Exercise aim
Every single entry that follows must be copied exactly.

Extracted information
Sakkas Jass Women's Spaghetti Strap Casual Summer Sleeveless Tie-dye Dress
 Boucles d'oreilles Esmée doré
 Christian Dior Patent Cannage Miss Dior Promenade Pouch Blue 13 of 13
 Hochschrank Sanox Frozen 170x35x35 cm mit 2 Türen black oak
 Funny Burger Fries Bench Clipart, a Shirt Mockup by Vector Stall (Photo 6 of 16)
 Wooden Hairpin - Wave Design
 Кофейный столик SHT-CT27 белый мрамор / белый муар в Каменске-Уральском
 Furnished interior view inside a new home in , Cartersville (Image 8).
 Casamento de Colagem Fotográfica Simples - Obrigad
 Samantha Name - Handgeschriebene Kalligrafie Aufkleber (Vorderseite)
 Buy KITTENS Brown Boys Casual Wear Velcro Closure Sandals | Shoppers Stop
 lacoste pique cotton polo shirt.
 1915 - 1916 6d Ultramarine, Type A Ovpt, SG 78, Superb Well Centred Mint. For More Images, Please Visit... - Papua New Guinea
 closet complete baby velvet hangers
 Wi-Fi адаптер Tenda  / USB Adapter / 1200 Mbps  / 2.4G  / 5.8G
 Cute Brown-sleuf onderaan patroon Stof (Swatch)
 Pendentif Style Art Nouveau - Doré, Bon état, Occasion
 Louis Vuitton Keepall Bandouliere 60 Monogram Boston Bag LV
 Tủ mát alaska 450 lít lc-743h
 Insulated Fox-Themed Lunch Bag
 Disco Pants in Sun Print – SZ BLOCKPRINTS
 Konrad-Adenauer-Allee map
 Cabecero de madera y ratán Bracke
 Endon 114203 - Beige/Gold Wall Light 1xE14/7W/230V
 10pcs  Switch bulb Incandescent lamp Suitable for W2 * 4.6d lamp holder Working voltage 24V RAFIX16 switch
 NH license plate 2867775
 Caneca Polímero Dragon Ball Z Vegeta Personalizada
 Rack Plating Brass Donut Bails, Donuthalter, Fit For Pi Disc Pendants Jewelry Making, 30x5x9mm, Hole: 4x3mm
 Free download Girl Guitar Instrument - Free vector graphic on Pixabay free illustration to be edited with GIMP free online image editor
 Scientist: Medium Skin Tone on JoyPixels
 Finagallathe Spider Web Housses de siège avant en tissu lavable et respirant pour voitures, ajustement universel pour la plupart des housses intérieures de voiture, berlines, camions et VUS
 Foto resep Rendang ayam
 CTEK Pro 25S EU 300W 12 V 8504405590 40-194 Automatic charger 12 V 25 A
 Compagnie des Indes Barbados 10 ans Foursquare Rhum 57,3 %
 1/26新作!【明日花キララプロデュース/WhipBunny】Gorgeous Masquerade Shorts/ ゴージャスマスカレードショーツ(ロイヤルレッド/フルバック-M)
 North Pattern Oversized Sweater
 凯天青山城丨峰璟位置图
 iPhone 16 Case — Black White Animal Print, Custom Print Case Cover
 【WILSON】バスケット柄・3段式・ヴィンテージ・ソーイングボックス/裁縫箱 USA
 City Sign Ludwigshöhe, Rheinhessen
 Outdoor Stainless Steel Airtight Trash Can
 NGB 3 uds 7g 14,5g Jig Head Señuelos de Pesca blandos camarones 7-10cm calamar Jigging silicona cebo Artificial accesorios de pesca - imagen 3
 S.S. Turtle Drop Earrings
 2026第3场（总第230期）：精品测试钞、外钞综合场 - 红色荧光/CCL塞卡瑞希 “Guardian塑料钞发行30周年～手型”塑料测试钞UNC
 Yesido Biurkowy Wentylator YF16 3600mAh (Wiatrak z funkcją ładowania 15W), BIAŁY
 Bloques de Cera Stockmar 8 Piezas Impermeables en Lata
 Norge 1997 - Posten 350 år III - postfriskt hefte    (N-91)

Solution for this exercise
Sakkas Jass Women's Spaghetti Strap Casual Summer Sleeveless Tie-dye Dress
 Boucles d'oreilles Esmée doré
 Christian Dior Patent Cannage Miss Dior Promenade Pouch Blue 13 of 13
 Hochschrank Sanox Frozen 170x35x35 cm mit 2 Türen black oak
 Funny Burger Fries Bench Clipart, a Shirt Mockup by Vector Stall (Photo 6 of 16)
 Wooden Hairpin - Wave Design
 Кофейный столик SHT-CT27 белый мрамор / белый муар в Каменске-Уральском
 Furnished interior view inside a new home in , Cartersville (Image 8).
 Casamento de Colagem Fotográfica Simples - Obrigad
 Samantha Name - Handgeschriebene Kalligrafie Aufkleber (Vorderseite)
 Buy KITTENS Brown Boys Casual Wear Velcro Closure Sandals | Shoppers Stop
 lacoste pique cotton polo shirt.
 1915 - 1916 6d Ultramarine, Type A Ovpt, SG 78, Superb Well Centred Mint. For More Images, Please Visit... - Papua New Guinea
 closet complete baby velvet hangers
 Wi-Fi адаптер Tenda  / USB Adapter / 1200 Mbps  / 2.4G  / 5.8G
 Cute Brown-sleuf onderaan patroon Stof (Swatch)
 Pendentif Style Art Nouveau - Doré, Bon état, Occasion
 Louis Vuitton Keepall Bandouliere 60 Monogram Boston Bag LV
 Tủ mát alaska 450 lít lc-743h
 Insulated Fox-Themed Lunch Bag
 Disco Pants in Sun Print – SZ BLOCKPRINTS
 Konrad-Adenauer-Allee map
 Cabecero de madera y ratán Bracke
 Endon 114203 - Beige/Gold Wall Light 1xE14/7W/230V
 10pcs  Switch bulb Incandescent lamp Suitable for W2 * 4.6d lamp holder Working voltage 24V RAFIX16 switch
 NH license plate 2867775
 Caneca Polímero Dragon Ball Z Vegeta Personalizada
 Rack Plating Brass Donut Bails, Donuthalter, Fit For Pi Disc Pendants Jewelry Making, 30x5x9mm, Hole: 4x3mm
 Free download Girl Guitar Instrument - Free vector graphic on Pixabay free illustration to be edited with GIMP free online image editor
 Scientist: Medium Skin Tone on JoyPixels
 Finagallathe Spider Web Housses de siège avant en tissu lavable et respirant pour voitures, ajustement universel pour la plupart des housses intérieures de voiture, berlines, camions et VUS
 Foto resep Rendang ayam
 CTEK Pro 25S EU 300W 12 V 8504405590 40-194 Automatic charger 12 V 25 A
 Compagnie des Indes Barbados 10 ans Foursquare Rhum 57,3 %
 1/26新作!【明日花キララプロデュース/WhipBunny】Gorgeous Masquerade Shorts/ ゴージャスマスカレードショーツ(ロイヤルレッド/フルバック-M)
 North Pattern Oversized Sweater
 凯天青山城丨峰璟位置图
 iPhone 16 Case — Black White Animal Print, Custom Print Case Cover
 【WILSON】バスケット柄・3段式・ヴィンテージ・ソーイングボックス/裁縫箱 USA
 City Sign Ludwigshöhe, Rheinhessen
 Outdoor Stainless Steel Airtight Trash Can
 NGB 3 uds 7g 14,5g Jig Head Señuelos de Pesca blandos camarones 7-10cm calamar Jigging silicona cebo Artificial accesorios de pesca - imagen 3
 S.S. Turtle Drop Earrings
 2026第3场（总第230期）：精品测试钞、外钞综合场 - 红色荧光/CCL塞卡瑞希 “Guardian塑料钞发行30周年～手型”塑料测试钞UNC
 Yesido Biurkowy Wentylator YF16 3600mAh (Wiatrak z funkcją ładowania 15W), BIAŁY
 Bloques de Cera Stockmar 8 Piezas Impermeables en Lata
 Norge 1997 - Posten 350 år III - postfriskt hefte    (N-91)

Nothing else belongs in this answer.